== Working data ==

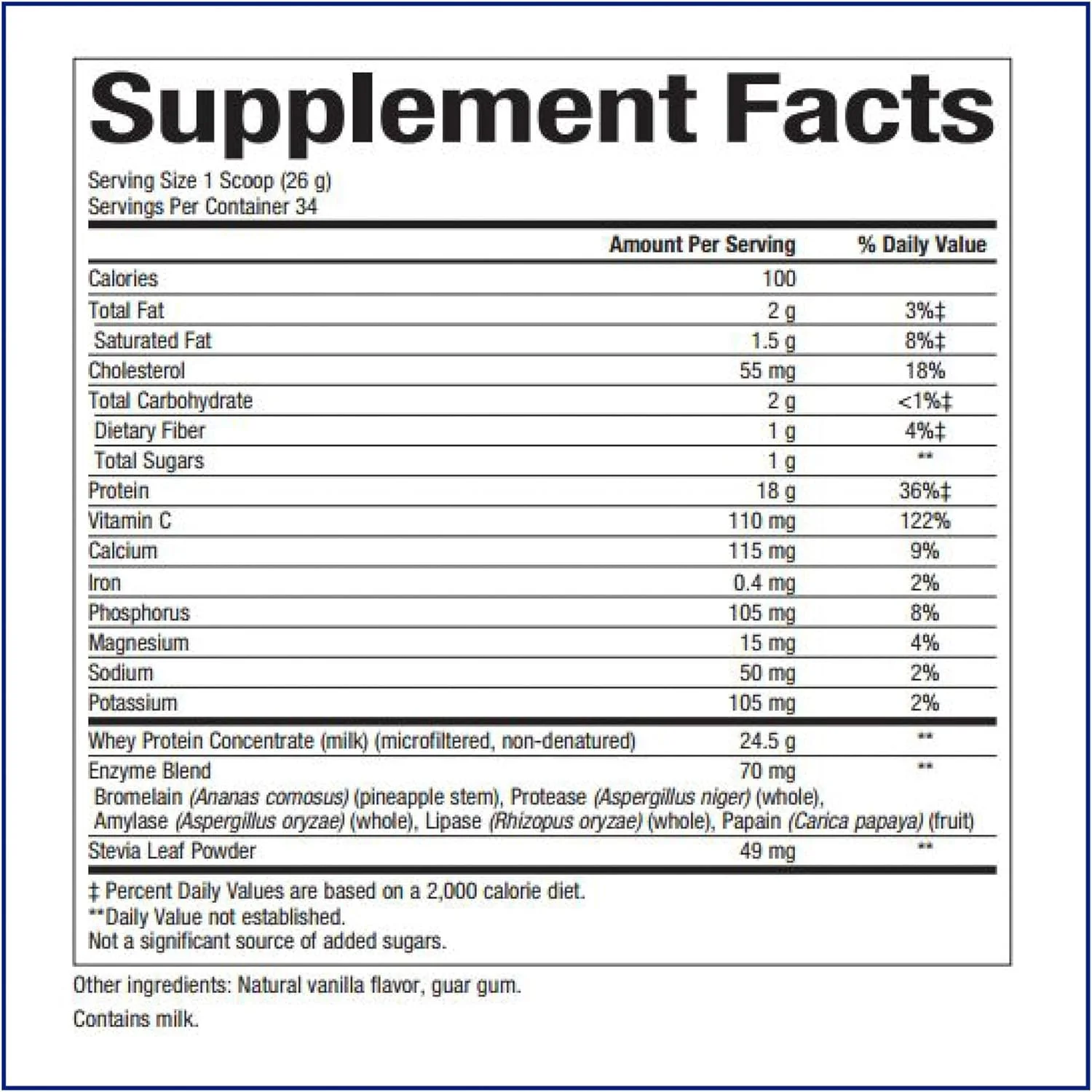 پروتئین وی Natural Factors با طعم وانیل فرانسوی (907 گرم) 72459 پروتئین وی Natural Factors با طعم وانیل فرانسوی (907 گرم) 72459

===
== Working data ==

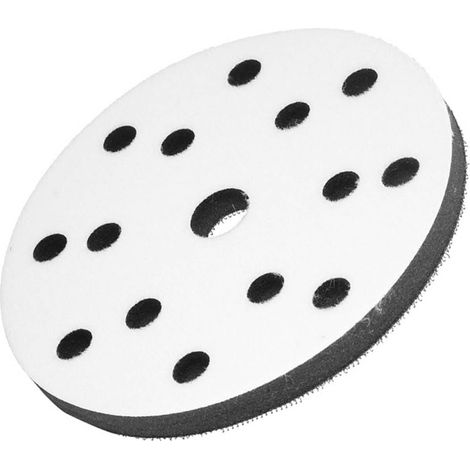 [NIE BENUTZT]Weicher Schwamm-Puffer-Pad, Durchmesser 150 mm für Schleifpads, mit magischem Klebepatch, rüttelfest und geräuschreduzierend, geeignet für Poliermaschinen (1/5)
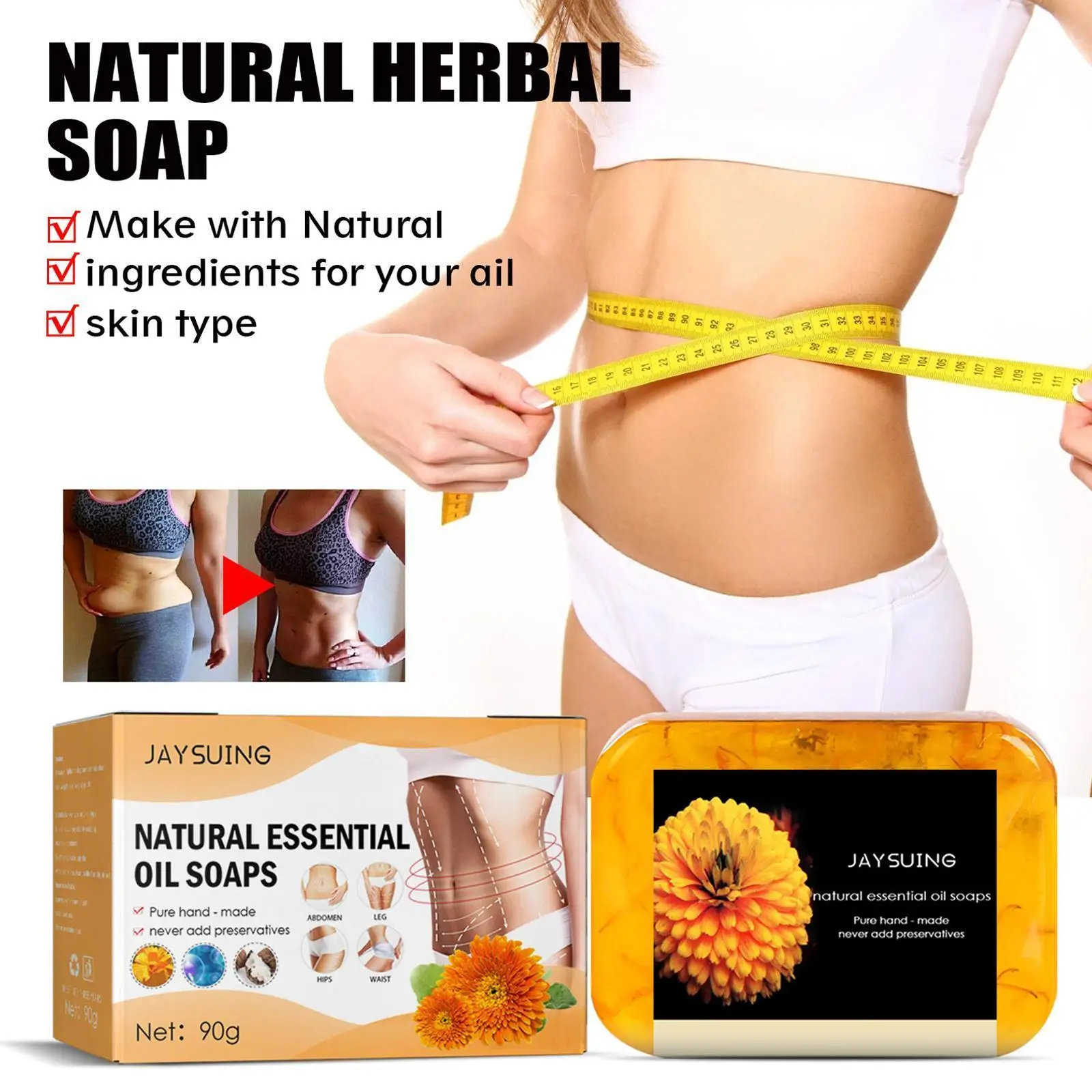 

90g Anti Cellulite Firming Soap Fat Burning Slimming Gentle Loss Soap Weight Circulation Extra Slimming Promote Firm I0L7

===

What the task asks:
Your task is to copy only the lines above starting at the one containing "[NIE BENUTZT]Weicher Schwamm-Puffer-Pad, Durchmesser" and ending at the one containing "90g Anti Cellulite". Copy them exactly, both ends included, and omit the pictures.

Result for this exercise:
 [NIE BENUTZT]Weicher Schwamm-Puffer-Pad, Durchmesser 150 mm für Schleifpads, mit magischem Klebepatch, rüttelfest und geräuschreduzierend, geeignet für Poliermaschinen (1/5)

90g Anti Cellulite Firming Soap Fat Burning Slimming Gentle Loss Soap Weight Circulation Extra Slimming Promote Firm I0L7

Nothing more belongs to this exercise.